Cette rue interminable qui sépare nos deux appartements. Mes pas vifs et pressés sur ce goudron léché, le petit bar-tabac, l'hôpital et les infirmiers qui font leur pause cigarette lorsque je rentre chez moi.
Ce bouton "19" sur ta porte d'entrée. Petit et rond, gravé, les chiffres peints en gris foncé, ce nom qui n'est pas le tient sur la liste, mécanisme infernal qui ne détecte plus ma clé. 
Les belles musiques cristallisées dans le temps. Les rythmes doux que nos cœurs ont aimés, accueillis, les mélodies de nos danses. Comme un vieux vinyle rayé que l'on ne pourra plus jamais écouter, sa pochette en carton écornée. Remisé. Dans ma tête ce disque jamais ne s'arrête de tourner, j'entends encore ces notes, celle d'un balai sur verre, au petit déjeuner, le tout premier lendemain de ma vie.
Ces gestes, ceux de deux pianistes amoureux. Le doigt sur une touche envoûtée, tes cils de mon sol resteront la clé.
Et mon sourire, le mensonge le plus altruiste de l'humanité.
Mon cœur innocent, débouté, engagé dans un combat perpétuel qu'il n'a ni choisi, ni embrassé. Tel Adam, de ta côte naquirent l'amour et la culpabilité.
Assise au bord de la fenêtre, j'attends ton arrivée et mes veines comme des cascades, mes tempes comme des tambours. Nos nuits aussi longues que mille printemps, les draps au dessus de nos visages apaisés. On m'a appris le bonheur d'être regardée. 
Tu es toutes mes premières fois.
La route du Sud aujourd'hui m'est unique. Ta main n'a tracé qu'un seul chemin, celui des draps blancs et des petits papiers fléchés d'une main d'enfant. L'eau glacée de la mer sur tes chevilles me brûle encore l'âme.
Les mille couleurs éblouissantes d'un soir, autour de nous tout est assourdissant, la foule, les micros qui crient, et je n'entends que toi, j'entends le silence de mes baisers dans ta nuque, je vois chaque bulle de lumière grandir et s'effacer dans tes yeux, je crois que je te tiens fort la main cette nuit-là, petite sœur de centaines d'autres. 
D'une impulsion naît la beauté.
De Carthage à Istanbul et de ton cœur au mien s'étend notre maison.
Respire un peu l'air avec moi, respire avec moi, mon amour, mon frère. Ma maison c'est toi. 

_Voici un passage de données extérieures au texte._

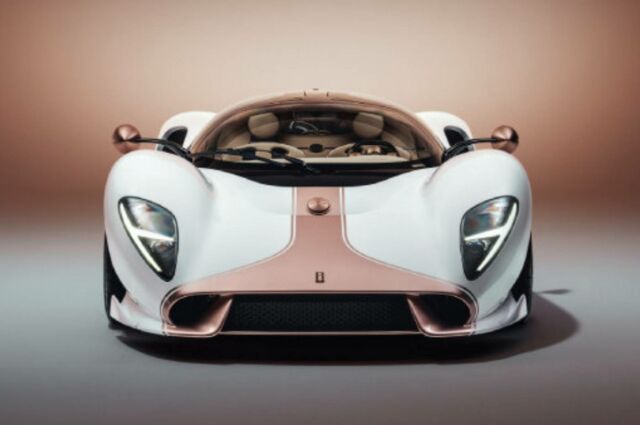 De Tomaso P72 Production-Ready Model (6)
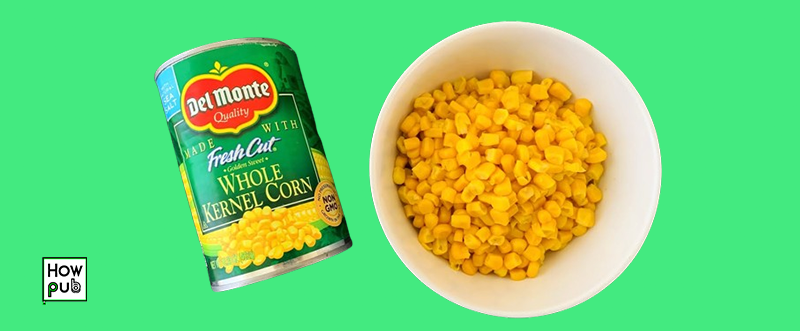 Cooking Corn from a Can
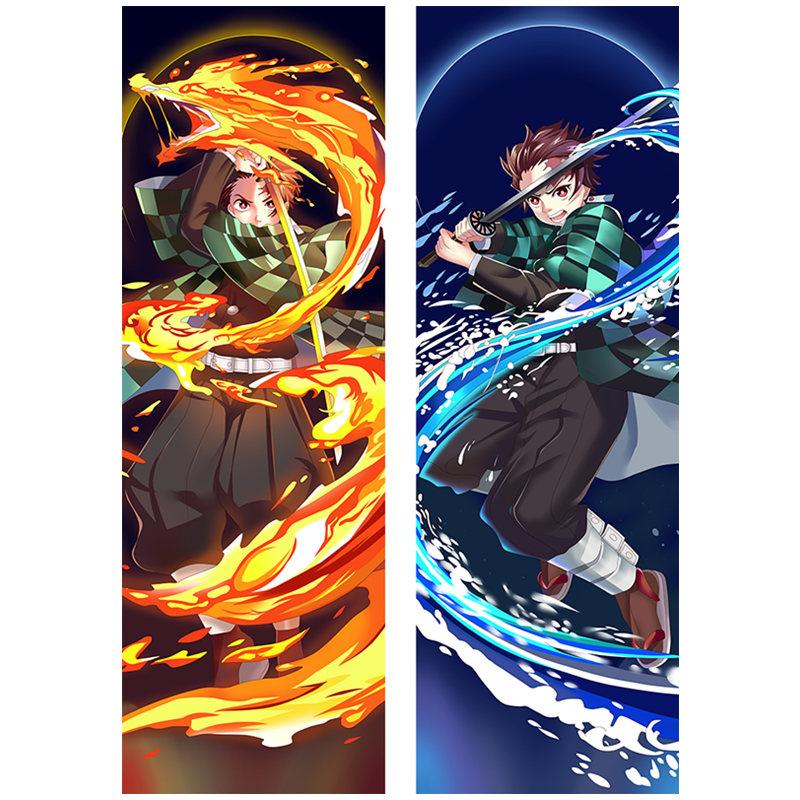 Аниме Demon Slayer Kamado Tanjirou Hashibira Inosuke 2way Dakimakura чехол двусторонний 3D принт постельное белье обнимающее тело наволочка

Il nous a fait comme ça. Il nous a créé comme nous sommes aujourd'hui. Il t'a mis sur ma route, et je t'ai vu, je t'ai regardé comme si mes yeux s'ouvraient pour la toute première fois. 

"Et toi tu lui souris, comme tu m'avais souri,
Et ce sourire tu vois, je te hais pour cela
Je te hais, je t'aime, au fond ça revient au même
Je t'aime, le comprends-tu? 
T'ai-je vraiment perdu?"

Qui oserait dire qu'il aime, qu'il aime autant que je t'aime, autant que je t'ai aimé.